What is being asked: Repeat exactly, and only, the lines from the one holding "Capa Smart Case" through the last line of the records below.

· · ·

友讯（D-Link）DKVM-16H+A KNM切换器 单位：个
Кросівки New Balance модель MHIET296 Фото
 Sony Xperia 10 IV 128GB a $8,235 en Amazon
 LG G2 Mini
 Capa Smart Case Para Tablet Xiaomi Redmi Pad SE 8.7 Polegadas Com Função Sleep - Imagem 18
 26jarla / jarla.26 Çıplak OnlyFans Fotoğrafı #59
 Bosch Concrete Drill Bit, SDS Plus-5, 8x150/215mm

· · ·

Written solution:
 Capa Smart Case Para Tablet Xiaomi Redmi Pad SE 8.7 Polegadas Com Função Sleep - Imagem 18
 26jarla / jarla.26 Çıplak OnlyFans Fotoğrafı #59
 Bosch Concrete Drill Bit, SDS Plus-5, 8x150/215mm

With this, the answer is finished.